Matt Ridley en su más reciente libro, “How Innovation Works” plantea una de las más interesantes paradojas de nuestros días: aunque para todos es evidente que la prosperidad es la hija de la innovación, pocos somos conscientes de que eso también significa que es la nieta de la libertad. Precisamente es a través de esta última y de la mentalidad competitiva que la libertad demanda, que se crean los incentivos, los mecanismos, y en últimas, la propagación de la innovación que tanto necesitamos.

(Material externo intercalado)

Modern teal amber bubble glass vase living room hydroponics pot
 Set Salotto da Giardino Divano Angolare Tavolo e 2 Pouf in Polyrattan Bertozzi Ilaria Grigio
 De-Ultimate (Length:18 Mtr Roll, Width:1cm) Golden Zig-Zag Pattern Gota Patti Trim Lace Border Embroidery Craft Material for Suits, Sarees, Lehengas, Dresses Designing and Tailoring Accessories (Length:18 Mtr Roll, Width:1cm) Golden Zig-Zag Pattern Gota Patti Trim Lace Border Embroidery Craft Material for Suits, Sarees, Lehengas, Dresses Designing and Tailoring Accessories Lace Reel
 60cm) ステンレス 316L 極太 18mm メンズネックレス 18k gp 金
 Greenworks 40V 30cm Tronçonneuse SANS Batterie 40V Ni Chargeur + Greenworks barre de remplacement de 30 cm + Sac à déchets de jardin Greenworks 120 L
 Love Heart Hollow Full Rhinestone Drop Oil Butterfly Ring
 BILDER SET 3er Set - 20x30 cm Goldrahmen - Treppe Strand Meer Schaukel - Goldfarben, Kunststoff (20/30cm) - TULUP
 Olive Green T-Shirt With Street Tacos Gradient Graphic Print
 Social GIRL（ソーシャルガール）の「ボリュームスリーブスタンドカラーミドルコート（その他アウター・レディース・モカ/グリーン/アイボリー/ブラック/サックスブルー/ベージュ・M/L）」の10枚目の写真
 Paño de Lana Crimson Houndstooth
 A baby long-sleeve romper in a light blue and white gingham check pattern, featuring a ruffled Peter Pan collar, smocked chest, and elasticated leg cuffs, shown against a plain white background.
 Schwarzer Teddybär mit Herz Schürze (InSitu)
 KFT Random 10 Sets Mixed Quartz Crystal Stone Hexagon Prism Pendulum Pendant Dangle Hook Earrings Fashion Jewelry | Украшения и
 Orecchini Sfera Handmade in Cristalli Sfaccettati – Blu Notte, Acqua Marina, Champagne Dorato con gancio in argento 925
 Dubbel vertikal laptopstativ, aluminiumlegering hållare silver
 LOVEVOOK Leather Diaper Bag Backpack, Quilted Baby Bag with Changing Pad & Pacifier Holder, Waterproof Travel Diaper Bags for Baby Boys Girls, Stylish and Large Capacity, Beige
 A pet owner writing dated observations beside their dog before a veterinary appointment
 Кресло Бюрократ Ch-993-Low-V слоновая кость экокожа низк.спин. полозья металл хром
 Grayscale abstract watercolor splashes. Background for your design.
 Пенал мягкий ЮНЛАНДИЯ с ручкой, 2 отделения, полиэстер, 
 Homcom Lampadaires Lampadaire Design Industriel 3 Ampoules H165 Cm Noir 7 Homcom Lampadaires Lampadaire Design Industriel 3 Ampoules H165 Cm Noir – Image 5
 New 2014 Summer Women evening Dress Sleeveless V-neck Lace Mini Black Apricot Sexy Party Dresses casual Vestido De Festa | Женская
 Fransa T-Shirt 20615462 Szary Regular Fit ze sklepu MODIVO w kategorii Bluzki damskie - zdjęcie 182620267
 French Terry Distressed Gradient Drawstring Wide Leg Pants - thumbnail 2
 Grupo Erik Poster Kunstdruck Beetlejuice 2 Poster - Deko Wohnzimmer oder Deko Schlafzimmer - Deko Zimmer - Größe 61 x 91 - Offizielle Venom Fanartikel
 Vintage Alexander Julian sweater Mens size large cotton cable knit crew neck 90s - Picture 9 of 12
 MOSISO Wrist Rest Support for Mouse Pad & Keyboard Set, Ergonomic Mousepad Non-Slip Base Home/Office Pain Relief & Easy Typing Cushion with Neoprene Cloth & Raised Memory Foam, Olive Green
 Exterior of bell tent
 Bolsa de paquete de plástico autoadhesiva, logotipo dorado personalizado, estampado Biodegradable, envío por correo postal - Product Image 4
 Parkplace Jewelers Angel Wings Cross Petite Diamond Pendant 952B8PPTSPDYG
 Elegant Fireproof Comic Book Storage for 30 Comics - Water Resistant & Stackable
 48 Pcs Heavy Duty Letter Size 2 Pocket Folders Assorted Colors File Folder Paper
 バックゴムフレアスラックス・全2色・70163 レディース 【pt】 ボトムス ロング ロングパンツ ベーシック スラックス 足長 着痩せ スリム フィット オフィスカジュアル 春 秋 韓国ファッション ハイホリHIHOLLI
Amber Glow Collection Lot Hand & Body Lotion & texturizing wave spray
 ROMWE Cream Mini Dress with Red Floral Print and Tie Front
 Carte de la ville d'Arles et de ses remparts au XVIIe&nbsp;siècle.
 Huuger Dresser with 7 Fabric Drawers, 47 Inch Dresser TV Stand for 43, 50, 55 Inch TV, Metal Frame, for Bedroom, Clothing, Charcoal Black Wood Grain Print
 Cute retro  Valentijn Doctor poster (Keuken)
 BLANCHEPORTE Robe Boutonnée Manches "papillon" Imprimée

Los empresarios competitivos, de cualquier tamaño y en todas las industrias, que asumen el privilegio y la responsabilidad de crear valor en competencia, son la mayor innovación social que hasta ahora la libertad ha producido, quienes constituyen las mayores fábricas de prosperidad de toda sociedad libre.
La forma de evitar esa improductiva tentación rentista, es dando la bienvenida a la competencia, promoviendo y capitalizando la fuerza renovadora de la competencia, justa e intensa. A más competencia, menos incompetencia.
Si queremos mantener prendida la veladora de la innovación para tener vacunas en tiempo récord, acceder a comodidades que mejoren nuestras vidas o negocios regenerativos de la infraestructura natural y construir más empleos de calidad, es imprescindible azuzar la llama de la competencia.